さまざまな地産地消

その土地でとれた食材を使い、料理し、食べる。歴史の中で当たり前のように実践されてきた地産地消が、改めて注目されている。都市のレストランではどのようにこれを取り入れているのか? 三人のシェフにうかがった。

Photo Masahiro Goda. Hareko Amakata  Text Izumi Shibata

その土地でとれた食材を使い、料理し、食べる。歴史の中で当たり前のように実践されてきた地産地消が、改めて注目されている。都市のレストランではどのようにこれを取り入れているのか? 三人のシェフにうかがった。

(左上)南麻布の風景 (右上)有栖川記念公園 (左下)九十九里浜に面する千葉県山武市 (右下)北海道北斗市
(左上)南麻布の風景。この都会から、川田さんは「茶禅華」に使う東京産素材を探していくという。(右上)「茶禅華」の近所にある有栖川宮記念公園。この地一帯の水は「ほどよくキリッとしている」と川田さん。
(左下)九十九里浜に面する千葉県 山武市(さんむし)。ファンティンさんはこの地の「三つ豆ファーム」産ピゼッリを使用。
(右下)菊地さんも訪れる「おぐにビーフ」は北海道 北斗市に立地。函館から車で30分ほどの距離。

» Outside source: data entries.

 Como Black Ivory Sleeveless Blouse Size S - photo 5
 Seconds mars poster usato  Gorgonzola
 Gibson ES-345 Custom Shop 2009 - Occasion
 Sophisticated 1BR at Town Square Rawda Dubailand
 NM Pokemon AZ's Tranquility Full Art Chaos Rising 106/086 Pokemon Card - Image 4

この5年ほどで、レストランの世界における地産地消への注目度は加速度的に高まっている。背景にあるのは、地方で開業するレストランの増加だ。「ローカルガストロノミー」という言葉をこのところ聞くようになったが、まさにローカル(地方)で、技術的にも哲学的にもガストロノミーと呼ぶにふさわしい料理を提供する店が増えている。

ここでいう「地方」とは、地方都市のことではない。野や山の中、海辺といった自然に囲まれた地、しかも観光地以外の場所も少なくない。こうした土地で地元産食材を調理し、土地の風土を表現する。まさに、地産地消の実践である。

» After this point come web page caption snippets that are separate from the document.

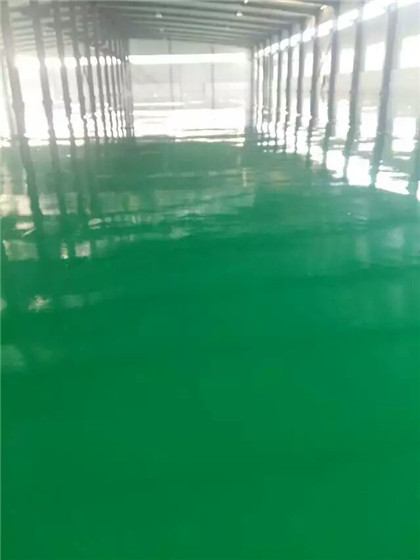 景谷给你一份 地坪漆施工 + 维修（翻新）
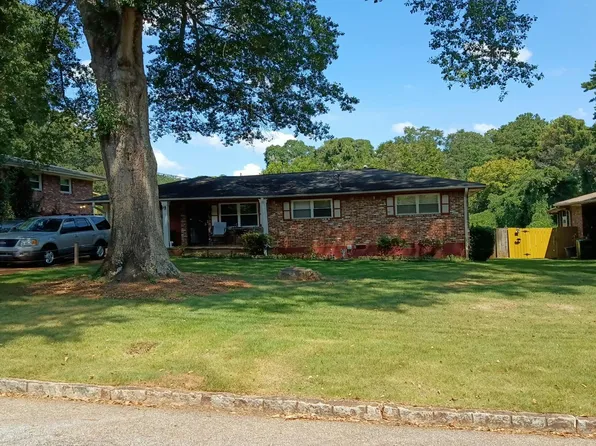 4004 Kirksford Dr, Decatur, GA 30035
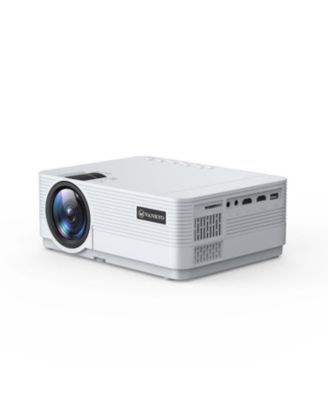 Leisure 470 Portable Mini Projector Bundle with Roku Express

ところで、そんな辺鄙(へんぴ)な場所に店を構えてお客は来るのだろうか? それが来るのである。しかもガストロノミーに強い関心を持つ人ほど昨今は地方に足を運ぶ。

では、どのような料理人が地方のガストロノミーレストランを担っているのか? 一つの例が、都会の店を閉じ、地方の自然豊かな場所に移るシェフたちだ。「フランスやイタリアの地方で働いた時、地域の生産者とレストランの強いつながりに感動した。いつかは自然豊かな場所で店を開きたいと思っていた」という話をよく聞く。

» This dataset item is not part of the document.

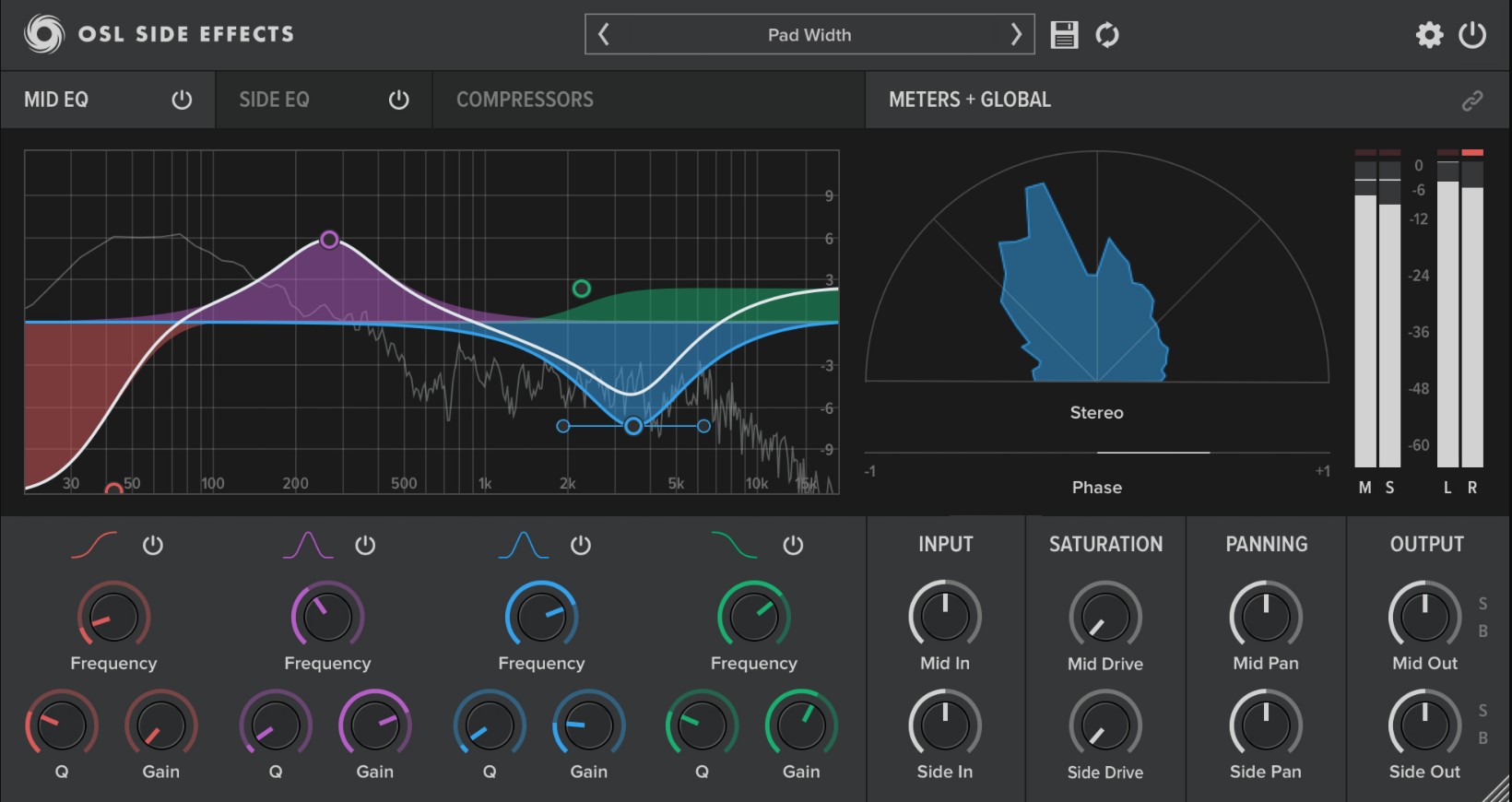 Oblivion Sound Lab OSL Side Effects v1.1.2 [WiN]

一方、最初から地方でレストランを開く、あるいはシェフに就く若手も増え、注目を集めている。「人里離れた場所にこそ自分の知らなかった素材があり、発見が多い。その土地で脈々と継承されてきた発酵や燻製(くんせい)の伝統的食文化もある。こうした素材や文化を知るのはとても刺激的で、クリエーティビティーにつながる」とシェフたちは幸せそうに語る。

そして彼ら彼女らの作る料理では、自己中心的な表現はない。あくまでも土地に寄り添ったうえで独創性を込める。そんな料理を感度の高いお客は求め、旅をする。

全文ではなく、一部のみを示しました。